Betrachten wir jetzt die Situation der Kinder im Lande. 2013 wuchsen 24% der Kinder in Familien auf, die Hartz-IV-Leistungen beantragt haben. Diese Familien waren nicht in der Lange mit eigenem Einkommen ihren Lebensunterhalt zu sichern. Das ist jedoch nicht das ganze Ausmaß der Kinderarmut in unserem Land. Weitere Leistungen wie z. B. Grundsicherung und Kinderzuschlag müssen in die Betrachtung einbezogen werden. Nicht unbeträchtlich ist auch die Zahl der Familien, die zustehende Leistungen nicht beantragen. Mangelnde Informationen über zustehende Leistungen und aufwändige Verfahren sind nicht die einzigen Gründe, warum Leistungen nicht beantragt werden. Insbesondere bei Hartz-IV-Leistungen schrecken die Bedingungen denen man sich unterwerfen muss, um Leistungen zu erhalten, ab. Familien die diese Leistungen beantragen müssen für ihre erwerbsfähigen Familienmitglieder, sogenannte Eingliederungsvereinbarungen abschließen, die tief in die eigene Autonomie und Lebensplanung eingreifen.

Armut vererbt sich
Realistischer ist, wenn wir Kinderarmut in unserem Land bei 35 bis 40% ansetzen. Diese Zahl beschreiben nur das Ausmaß der Einkommensarmut in Familien unseres Landes. Hinter diesen Zahlen verbergen sich nicht nur schwierige Situationen im Alltag, die gekennzeichnet sind durch ständige Geldknappheit. Kinderarmut führt auch zu schlechten Startbedingungen für alle Kinder, die in die Armutsfalle geraten sind. Wer in armen Familien aufwächst hat deutlich schlechtere Zukunftsaussichten. Kinder die in diesen Verhältnissen aufwachsen, landen oft wieder im Niedriglohnsektor des Arbeitsmarkts.

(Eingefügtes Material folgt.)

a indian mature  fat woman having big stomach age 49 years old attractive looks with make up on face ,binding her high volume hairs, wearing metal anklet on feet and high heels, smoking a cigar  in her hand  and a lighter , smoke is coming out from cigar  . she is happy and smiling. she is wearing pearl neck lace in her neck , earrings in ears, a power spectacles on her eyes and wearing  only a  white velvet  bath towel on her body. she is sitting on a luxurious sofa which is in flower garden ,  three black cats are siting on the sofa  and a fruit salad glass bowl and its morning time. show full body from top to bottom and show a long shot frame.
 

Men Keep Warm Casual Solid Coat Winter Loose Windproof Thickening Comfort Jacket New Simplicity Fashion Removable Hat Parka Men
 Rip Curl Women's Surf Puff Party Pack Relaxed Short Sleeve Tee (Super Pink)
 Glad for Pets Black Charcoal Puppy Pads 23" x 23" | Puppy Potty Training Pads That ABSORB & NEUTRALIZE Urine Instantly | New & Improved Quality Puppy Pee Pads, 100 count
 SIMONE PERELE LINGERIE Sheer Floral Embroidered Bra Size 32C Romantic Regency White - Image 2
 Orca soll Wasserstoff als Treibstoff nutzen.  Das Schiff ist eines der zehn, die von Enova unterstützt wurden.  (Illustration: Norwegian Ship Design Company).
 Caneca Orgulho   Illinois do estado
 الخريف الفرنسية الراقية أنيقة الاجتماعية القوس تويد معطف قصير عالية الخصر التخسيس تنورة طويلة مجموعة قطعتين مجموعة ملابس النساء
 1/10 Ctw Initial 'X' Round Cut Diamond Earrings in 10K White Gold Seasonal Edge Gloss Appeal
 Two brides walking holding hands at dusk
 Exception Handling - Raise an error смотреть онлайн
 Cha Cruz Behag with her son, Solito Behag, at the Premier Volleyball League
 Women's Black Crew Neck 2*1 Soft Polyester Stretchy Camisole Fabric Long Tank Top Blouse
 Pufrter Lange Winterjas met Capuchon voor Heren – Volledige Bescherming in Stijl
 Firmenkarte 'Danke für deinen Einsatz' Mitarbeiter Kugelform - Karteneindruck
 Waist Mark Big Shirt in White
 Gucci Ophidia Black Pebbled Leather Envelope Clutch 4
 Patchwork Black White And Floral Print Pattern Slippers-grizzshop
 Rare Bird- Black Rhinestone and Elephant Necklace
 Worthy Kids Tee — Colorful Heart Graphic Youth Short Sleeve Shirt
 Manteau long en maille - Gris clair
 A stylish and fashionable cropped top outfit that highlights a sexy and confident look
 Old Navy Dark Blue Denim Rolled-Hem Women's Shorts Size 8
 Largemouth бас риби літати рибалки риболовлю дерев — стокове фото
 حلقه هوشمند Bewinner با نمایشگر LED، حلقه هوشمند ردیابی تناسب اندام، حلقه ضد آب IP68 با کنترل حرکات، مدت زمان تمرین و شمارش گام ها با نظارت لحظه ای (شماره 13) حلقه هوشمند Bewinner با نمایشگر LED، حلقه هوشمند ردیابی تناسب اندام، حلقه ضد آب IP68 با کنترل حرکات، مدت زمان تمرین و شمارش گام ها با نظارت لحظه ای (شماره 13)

Wer also Kinderarmut bekämpfen will muss in erster Linie Leiharbeit, befristete Arbeitsverhältnisse und den Niedriglohnsektor bekämpfen. Alle sogenannten Reformen am Arbeitsmarkt haben das Problem der Kinderarmut verstärkt. Natürlich ist das allein nicht ausreichend. Schulsystem, Betreuungsangebote, Verbesserungen der Wohnsituation, gesunde Ernährung, Freizeitangebote und Ausbildungsgarantien sind weitere wichtige Faktoren. Dazu ein anderes Mal.